* First two of several reactors
* Capacity range specifications include 1,600 MW EPR reactor
* EDF lost Abu Dhabi tender in 2009 (Adds detail from second source)
By Reem Shamseddine and Geert De Clercq
KHOBAR, Saudi Arabia/PARIS, Nov 29 (Reuters) - French state-controlled utility EDF intends to take part in a tender to build two nuclear reactors in Saudi Arabia, two sources familiar with the situation told Reuters.
Saudi Arabia, which wants to reduce domestic oil consumption, is considering building 17.6 gigawatts of nuclear-fuelled power generation capacity by 2032 and has sent a request for information to international suppliers to build two reactors.
With answers to the request due by the end 2017 or early 2018, a formal tender could be launched by mid-2018, but more likely toward the end of 2018 or early 2019, industry specialists say.
Saudi Arabia’s nuclear plans are some of the largest in an industry struggling with weaker demand following Japan’s Fukushima disaster in 2011.
Russian and South Korean companies have said they plan to bid and sources have told Reuters that Toshiba-owned U.S. firm Westinghouse is in talks with U.S. peers to form a bidding consortium.
EDF has held talks with Saudi Arabia about selling Areva-designed European Pressurized Reactors (EPR) but has not publicly confirmed it will bid.
“EDF wants to participate in the process launched for Saudi Arabia,” a source familiar with the situation said.

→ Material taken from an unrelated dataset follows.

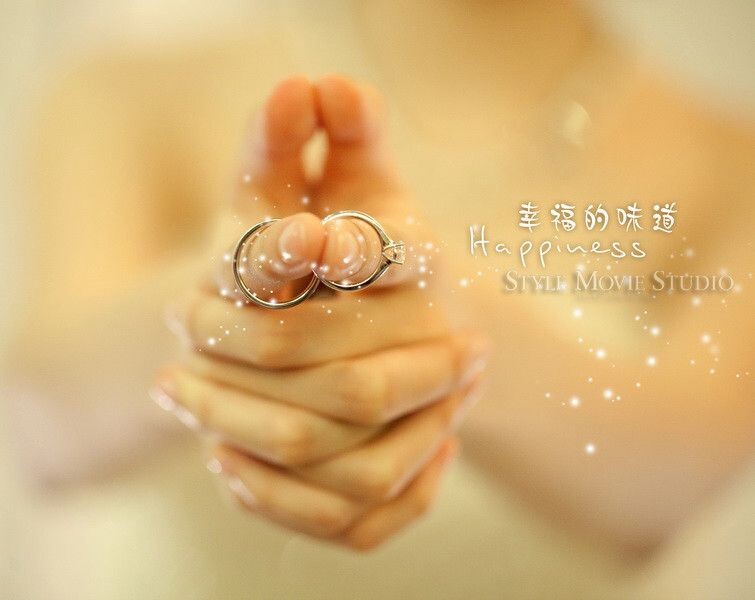 幸福的味道<br />
Style婚礼跟拍剧照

EDF wants to assist the King Abdullah City for Atomic and Renewable Energy (KACARE), the government agency tasked with the nuclear programme, in drafting its nuclear newbuild programme, the source said.

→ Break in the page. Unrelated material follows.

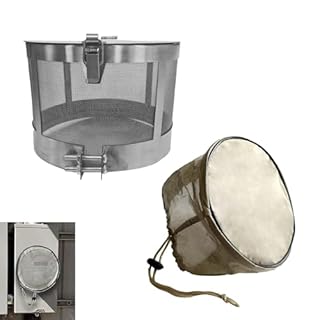 Stainless Steel 304 Smart Meter Cover and Fabric WiFi Blocker Faraday Cage E mf Blocker for Home EMP Protection R F-R adiation Shield Guard Faraday Box Large E M F Protection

A second source said that EDF would bid in the tender and that EDF officials had visited KACARE last week to discuss the request for information and to give a presentation about the EPR reactor.
EDF declined to comment. KACARE could not be reached for immediate comment.
Last month, a Saudi nuclear official told a conference in Abu Dhabi that for the first two reactors the kingdom is considering reactor models in the 1,000-1,600 megawatt (MW) range.
The EPR, the world’s largest reactor model, has a capacity of 1,600 MW.
EPRs under construction in France, Finland and China are years behind schedule and billions of euros over budget.
EDF hopes that by late 2018-early 2019 at least two should be operational.
Taking part in the Saudi tender would underline that EDF still believes in the capital-intensive nuclear export business despite the strains on its balance sheet.
Industry experts say EDF - which this month dropped a pledge to become cash-flow positive by 2018 - could struggle to raise the equity needed to mount a bid.
For its project to build two EPR reactors in Hinkley Point in Britain, a deal signed last year, EDF put together an 18 billion pound ($24 billion) debt and equity financing package.
Areva and EDF in 2009 lost to South Korea’s KEPCO in a bid for four nuclear reactors in United Arab Emirates. KEPCO secured a $24.4 billion financing package for that project.